*Task item*: Show only those lines of the entries where the string "Quran" is found.
____
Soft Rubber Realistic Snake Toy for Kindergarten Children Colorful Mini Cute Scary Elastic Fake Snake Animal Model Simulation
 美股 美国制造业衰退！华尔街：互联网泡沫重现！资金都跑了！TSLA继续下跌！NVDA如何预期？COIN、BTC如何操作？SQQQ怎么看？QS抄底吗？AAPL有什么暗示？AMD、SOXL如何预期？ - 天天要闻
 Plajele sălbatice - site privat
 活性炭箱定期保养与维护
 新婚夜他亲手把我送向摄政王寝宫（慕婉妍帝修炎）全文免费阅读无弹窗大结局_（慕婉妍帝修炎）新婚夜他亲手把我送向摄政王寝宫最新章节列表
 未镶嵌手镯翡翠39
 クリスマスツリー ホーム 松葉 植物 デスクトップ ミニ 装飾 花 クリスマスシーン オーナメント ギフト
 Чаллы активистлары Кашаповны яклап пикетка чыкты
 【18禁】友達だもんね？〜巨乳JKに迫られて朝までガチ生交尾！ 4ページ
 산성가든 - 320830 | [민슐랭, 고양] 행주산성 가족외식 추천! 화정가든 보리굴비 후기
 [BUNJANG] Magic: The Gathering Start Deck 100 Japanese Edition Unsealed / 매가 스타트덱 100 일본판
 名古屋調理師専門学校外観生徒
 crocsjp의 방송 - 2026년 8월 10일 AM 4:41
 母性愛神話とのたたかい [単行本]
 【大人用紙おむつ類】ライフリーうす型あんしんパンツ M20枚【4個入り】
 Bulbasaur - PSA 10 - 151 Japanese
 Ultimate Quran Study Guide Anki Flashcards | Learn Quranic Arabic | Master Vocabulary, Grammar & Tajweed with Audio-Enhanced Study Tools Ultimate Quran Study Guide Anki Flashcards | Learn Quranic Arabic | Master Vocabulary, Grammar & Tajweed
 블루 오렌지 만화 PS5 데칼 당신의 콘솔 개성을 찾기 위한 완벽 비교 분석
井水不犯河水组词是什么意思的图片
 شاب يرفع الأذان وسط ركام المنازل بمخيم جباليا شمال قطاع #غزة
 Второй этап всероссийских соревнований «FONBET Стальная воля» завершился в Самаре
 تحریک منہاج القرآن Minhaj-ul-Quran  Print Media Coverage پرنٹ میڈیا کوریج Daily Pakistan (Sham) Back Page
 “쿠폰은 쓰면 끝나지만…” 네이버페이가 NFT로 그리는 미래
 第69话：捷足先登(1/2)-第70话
____
*Answer to this exercise*:
 Ultimate Quran Study Guide Anki Flashcards | Learn Quranic Arabic | Master Vocabulary, Grammar & Tajweed with Audio-Enhanced Study Tools Ultimate Quran Study Guide Anki Flashcards | Learn Quranic Arabic | Master Vocabulary, Grammar & Tajweed
 تحریک منہاج القرآن Minhaj-ul-Quran  Print Media Coverage پرنٹ میڈیا کوریج Daily Pakistan (Sham) Back Page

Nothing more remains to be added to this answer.